Il Pd vuole silenziarla?
«Io ho ragioni potenti per candidarmi alla segreteria di un partito che è scalabile. Non sono sola, tante federazioni e circoli lavorano con me a un’idea diversa di Pd, per mettere molto più potere decisionale nelle mani degli iscritti. Un cambiamento radicale, che illustrerò nella mozione e in un libro».
Perché votarla?
«Sono una donna grintosa, concreta, felice, che va al punto. Ho una visione di sinistra del Paese. Quando vado a correre o al supermercato le persone mi dicono “Non mollare!” e si complimentano per il coraggio. Mai una donna si era candidata a guidare il Pd».
Rosy Bindi?
«Ci ha provato, unica nella storia. Ora provo io e dicono “Paola farà il ticket con un uomo”. No, facciano il ticket con me, perché io sono già stata vicecapogruppo e vicesegretaria».

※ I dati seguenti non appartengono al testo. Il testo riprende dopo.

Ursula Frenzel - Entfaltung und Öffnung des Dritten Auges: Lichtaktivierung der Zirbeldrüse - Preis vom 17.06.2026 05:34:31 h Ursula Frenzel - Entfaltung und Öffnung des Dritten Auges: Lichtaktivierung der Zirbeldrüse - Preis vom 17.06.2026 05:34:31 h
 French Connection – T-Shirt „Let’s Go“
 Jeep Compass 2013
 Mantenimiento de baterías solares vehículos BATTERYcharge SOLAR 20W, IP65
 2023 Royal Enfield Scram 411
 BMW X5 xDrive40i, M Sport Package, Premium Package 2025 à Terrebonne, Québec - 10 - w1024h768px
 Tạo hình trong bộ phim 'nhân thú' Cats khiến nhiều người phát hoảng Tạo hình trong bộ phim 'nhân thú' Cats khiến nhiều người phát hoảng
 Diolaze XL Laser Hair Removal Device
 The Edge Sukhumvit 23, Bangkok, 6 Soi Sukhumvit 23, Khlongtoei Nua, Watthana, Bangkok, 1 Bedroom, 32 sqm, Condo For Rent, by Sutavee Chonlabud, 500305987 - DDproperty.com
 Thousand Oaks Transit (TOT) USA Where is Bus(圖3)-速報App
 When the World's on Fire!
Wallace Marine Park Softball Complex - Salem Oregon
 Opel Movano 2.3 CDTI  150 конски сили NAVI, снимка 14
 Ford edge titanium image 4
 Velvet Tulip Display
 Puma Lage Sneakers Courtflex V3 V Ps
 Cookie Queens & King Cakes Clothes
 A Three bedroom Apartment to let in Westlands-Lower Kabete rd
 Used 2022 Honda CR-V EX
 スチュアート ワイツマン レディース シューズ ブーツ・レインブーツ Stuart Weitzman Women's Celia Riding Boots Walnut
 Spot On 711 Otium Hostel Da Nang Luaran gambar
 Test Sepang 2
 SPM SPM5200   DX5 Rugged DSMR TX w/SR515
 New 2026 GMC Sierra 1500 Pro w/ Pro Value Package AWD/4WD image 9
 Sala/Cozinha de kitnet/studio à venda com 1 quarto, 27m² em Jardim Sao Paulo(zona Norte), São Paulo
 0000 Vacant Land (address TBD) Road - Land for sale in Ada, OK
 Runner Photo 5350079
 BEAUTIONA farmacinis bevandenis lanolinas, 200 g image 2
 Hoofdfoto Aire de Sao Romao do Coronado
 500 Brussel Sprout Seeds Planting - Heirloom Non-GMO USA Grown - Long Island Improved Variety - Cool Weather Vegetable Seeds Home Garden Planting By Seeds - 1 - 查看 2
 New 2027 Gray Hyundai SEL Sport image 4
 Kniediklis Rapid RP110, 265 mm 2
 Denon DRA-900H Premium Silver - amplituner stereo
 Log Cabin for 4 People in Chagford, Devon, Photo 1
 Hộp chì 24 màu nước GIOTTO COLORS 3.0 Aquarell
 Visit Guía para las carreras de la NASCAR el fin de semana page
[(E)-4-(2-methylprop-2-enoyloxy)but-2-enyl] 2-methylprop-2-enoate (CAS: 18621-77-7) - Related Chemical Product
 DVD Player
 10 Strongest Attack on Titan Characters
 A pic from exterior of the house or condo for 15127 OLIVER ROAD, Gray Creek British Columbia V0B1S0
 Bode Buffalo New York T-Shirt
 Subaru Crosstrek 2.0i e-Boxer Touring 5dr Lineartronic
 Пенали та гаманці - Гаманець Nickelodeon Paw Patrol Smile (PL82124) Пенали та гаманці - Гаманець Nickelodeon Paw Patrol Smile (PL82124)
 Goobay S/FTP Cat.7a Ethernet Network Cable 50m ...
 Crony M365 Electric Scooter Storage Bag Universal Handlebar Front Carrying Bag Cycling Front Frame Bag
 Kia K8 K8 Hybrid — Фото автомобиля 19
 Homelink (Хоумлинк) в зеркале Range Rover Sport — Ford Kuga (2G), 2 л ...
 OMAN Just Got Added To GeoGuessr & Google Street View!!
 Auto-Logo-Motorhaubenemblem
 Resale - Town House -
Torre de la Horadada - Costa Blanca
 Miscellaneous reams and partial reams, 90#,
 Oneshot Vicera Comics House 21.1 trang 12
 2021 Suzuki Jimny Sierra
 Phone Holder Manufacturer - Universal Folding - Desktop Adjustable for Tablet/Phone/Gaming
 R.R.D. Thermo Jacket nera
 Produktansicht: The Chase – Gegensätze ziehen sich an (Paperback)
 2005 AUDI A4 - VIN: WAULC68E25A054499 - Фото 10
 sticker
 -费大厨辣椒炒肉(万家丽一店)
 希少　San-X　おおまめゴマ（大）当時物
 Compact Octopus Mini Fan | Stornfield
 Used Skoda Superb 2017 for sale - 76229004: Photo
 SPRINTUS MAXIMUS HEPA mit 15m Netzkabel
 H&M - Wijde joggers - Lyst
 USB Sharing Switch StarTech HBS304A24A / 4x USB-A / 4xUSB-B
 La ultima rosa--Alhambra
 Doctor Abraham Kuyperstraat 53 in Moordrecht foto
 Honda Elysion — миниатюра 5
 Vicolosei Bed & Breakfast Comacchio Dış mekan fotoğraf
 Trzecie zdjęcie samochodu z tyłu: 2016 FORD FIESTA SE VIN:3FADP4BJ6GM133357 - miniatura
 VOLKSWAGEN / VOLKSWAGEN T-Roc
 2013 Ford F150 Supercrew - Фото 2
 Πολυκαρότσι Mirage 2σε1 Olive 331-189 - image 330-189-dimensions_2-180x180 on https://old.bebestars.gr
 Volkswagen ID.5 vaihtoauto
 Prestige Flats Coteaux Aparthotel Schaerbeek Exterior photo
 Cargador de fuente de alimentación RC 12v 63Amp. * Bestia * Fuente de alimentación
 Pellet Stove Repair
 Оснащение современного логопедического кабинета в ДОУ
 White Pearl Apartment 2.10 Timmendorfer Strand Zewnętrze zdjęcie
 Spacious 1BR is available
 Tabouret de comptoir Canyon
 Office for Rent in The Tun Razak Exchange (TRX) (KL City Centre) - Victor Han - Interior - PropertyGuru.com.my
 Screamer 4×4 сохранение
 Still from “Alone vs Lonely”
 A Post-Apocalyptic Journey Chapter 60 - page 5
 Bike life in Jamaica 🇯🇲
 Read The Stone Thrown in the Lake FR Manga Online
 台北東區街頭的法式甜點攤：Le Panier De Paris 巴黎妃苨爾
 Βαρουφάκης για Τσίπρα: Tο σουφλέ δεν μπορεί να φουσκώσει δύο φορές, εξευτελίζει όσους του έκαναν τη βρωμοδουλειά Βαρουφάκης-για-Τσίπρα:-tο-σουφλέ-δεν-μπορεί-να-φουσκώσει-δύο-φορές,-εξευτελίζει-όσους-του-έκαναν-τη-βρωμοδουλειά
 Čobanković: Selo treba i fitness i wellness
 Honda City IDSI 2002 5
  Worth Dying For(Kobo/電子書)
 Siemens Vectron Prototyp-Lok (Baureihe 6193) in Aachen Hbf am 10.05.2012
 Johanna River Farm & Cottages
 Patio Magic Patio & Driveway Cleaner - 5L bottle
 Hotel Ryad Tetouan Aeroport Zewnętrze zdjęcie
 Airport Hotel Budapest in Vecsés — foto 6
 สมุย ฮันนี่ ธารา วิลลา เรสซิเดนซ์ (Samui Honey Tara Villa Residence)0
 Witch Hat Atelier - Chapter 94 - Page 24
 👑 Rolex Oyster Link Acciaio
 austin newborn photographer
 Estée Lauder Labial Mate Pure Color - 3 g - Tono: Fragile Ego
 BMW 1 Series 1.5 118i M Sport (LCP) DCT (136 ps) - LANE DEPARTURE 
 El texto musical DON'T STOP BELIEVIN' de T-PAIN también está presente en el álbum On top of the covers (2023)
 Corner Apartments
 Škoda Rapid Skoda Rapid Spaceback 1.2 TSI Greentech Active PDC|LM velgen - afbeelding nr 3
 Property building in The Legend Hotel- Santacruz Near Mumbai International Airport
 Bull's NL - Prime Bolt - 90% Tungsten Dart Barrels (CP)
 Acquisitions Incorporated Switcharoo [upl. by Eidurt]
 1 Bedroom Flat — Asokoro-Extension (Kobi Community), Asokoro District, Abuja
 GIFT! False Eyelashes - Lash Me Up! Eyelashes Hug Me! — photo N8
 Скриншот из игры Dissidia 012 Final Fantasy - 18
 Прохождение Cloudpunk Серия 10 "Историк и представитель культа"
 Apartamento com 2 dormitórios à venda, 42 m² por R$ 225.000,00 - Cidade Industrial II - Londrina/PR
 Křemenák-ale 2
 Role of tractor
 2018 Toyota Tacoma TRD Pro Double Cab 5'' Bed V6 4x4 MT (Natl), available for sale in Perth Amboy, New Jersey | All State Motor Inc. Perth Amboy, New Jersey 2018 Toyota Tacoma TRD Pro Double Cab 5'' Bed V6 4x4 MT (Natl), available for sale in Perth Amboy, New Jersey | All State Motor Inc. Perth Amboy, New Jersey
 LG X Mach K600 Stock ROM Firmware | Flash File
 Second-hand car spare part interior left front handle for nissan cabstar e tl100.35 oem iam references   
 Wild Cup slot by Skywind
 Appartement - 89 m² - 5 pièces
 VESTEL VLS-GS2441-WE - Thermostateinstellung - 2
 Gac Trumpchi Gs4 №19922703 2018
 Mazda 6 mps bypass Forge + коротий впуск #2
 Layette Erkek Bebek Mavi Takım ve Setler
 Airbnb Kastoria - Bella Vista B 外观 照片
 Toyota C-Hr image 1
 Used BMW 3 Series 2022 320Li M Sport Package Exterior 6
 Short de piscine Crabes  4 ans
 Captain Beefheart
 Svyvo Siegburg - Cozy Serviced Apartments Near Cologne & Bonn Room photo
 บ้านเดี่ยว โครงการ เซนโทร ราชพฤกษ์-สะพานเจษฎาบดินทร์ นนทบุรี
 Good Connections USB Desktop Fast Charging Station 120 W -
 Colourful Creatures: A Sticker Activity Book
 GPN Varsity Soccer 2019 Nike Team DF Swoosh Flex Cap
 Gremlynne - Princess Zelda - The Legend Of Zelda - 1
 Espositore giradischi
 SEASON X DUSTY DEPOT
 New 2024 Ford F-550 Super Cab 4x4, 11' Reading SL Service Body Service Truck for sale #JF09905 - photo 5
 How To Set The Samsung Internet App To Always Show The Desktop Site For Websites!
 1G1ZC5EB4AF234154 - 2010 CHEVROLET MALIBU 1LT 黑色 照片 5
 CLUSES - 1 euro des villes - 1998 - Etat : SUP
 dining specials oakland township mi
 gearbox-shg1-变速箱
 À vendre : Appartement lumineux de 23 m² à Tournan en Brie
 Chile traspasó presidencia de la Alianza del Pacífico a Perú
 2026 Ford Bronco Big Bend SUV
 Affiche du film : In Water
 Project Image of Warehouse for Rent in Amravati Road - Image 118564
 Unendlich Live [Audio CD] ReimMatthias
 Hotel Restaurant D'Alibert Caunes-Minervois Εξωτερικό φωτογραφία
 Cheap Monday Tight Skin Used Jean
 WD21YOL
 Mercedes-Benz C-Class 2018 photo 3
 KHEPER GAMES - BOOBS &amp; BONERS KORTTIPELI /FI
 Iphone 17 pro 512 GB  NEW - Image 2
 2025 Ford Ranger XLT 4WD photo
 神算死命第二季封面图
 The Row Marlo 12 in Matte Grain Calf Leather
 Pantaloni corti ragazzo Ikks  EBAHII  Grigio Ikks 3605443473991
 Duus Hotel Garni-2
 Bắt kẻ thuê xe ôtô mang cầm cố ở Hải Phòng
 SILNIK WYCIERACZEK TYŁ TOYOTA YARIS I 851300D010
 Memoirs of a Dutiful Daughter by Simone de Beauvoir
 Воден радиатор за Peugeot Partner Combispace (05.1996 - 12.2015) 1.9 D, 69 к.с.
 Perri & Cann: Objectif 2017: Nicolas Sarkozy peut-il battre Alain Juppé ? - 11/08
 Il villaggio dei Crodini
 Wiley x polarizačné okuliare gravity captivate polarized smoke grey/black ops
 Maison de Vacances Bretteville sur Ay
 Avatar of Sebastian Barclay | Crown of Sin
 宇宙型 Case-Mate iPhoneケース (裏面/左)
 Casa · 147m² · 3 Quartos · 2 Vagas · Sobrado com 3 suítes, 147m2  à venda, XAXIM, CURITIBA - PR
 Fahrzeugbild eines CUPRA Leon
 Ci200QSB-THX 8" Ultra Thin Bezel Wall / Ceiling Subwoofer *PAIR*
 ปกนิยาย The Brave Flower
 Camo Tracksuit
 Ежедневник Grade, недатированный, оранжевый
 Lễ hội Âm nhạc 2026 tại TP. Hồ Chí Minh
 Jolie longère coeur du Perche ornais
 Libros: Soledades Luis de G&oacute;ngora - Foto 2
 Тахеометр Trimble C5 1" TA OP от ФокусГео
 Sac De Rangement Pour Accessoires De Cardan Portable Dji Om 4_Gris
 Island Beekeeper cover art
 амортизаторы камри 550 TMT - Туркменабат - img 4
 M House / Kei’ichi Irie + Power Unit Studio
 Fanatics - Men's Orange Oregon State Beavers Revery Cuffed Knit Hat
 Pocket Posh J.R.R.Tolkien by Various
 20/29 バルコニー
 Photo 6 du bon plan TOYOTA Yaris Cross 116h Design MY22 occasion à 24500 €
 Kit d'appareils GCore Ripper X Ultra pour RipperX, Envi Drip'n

Sottosegretaria, ministra, commissaria al terremoto...
«Appena eletta consigliera a Piacenza. Ho fatto esperienze molto importanti, da dirigente e nelle istituzioni. Ho molte idee per cambiare il Pd, a partire da un’organizzazione più concentrata su iscritti e volontari».
Perché ha detto che si candida «contro il patriarcato che governa il Pd con la complicità delle donne»?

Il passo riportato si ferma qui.